İÇGÜDÜ
O gün Ahmet’in annesi ve babası tarlaya gitmişti, Ahmet de küçük kardeşiyle birlikte, evlerine yakın merada hayvanların başında çobanlık yapıyordu. Bir taraftan da üniversite sınavına hazırlık için ders çalışması gerektiğini düşünüyordu. Bu sene dershaneye gitmemişti. Lise son sınıfta girdiği sınavdan başarısız olunca, kendi olanaklarıyla sınava çalışıp üniversiteyi kazanmak istiyordu.
Annesi ve babası daha çok hayvan yetiştiriciliği ile evin geçimini temin ediyordu. Dededen kalma birkaç dönümlük arazinin büyük çoğunluğunda, hayvanların yem ihtiyacını karşılamak için, yem bitkisi yetiştiriciliği yapıyorlardı. Ahmet, her ne kadar çiftçilik konusunda annesine ve babasına yardımcı olsa da artık bir an önce mesleğini eline alarak kendi parasını kazanmak istiyordu. Dershaneye gitmek istememesinin nedeni de artık ailesine maddi olarak yük olmama düşüncesiydi.
Ahmet çiftçilik konusunda annesine ve babasına yardım ettiği zamanların dışında üniversite sınavına hazırlanıyordu. Ancak, üniversitede hangi bölümü seçeceği kafasında henüz netleşmemişti. Birkaç meslek üzerinde duruyordu. Fakat üzerinde yoğunlaşacağı, hayatının önemli bir parçasını oluşturacak olan mesleğini belirleyememişti. Bu düşünce Ahmet’in beynini meşgul ettiği anlarda ders çalışma şevki de gidiyordu.

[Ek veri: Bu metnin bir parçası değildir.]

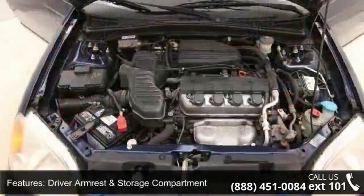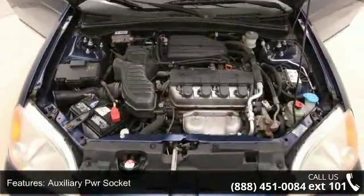Let us put you in the driver's seat today. Call or click to schedule a test drive.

Hayvanların başında bekliyorken dayanamadı ve hayvanların sakince otladığı bir anda, bir saat de olsa ders çalışırım diyerek evinin yolunu tuttu. Evde ders çalışmaya başlayalı yarım saat olmamıştı ki kapının önünden, çocuk sesleriyle karışık, koşturma sesleri duydu. Ses, adeta atların toynaklarından geliyor gibiydi. Merakla dış kapıya doğru yöneldi.Sanki hipodromda at koşusu izlemeye gidiyordu. Bu sırada sert bir şekilde, alacaklı gibi, kapıya vuruluyordu. Kapıyı açtığında, sekiz yaşındaki kardeşi Mehmet, ağlıyor vaziyette direk kendisine sarılmıştı. Bir taraftan kardeşine ne olduğunu soruyor, bir taraftan da etrafta olana, bitene bakarak durumu çözmeye çalışıyordu Ahmet. Karşılaştığı manzara sonrasında içi acımıştı. 7-8 yaşlarındaki birkaç çocuk, büyükbaş hayvanların peşinden koşarak onları taşlıyorlardı. Koşan hayvanlardan yedi tanesi sığır, bir tanesi de buzağıydı.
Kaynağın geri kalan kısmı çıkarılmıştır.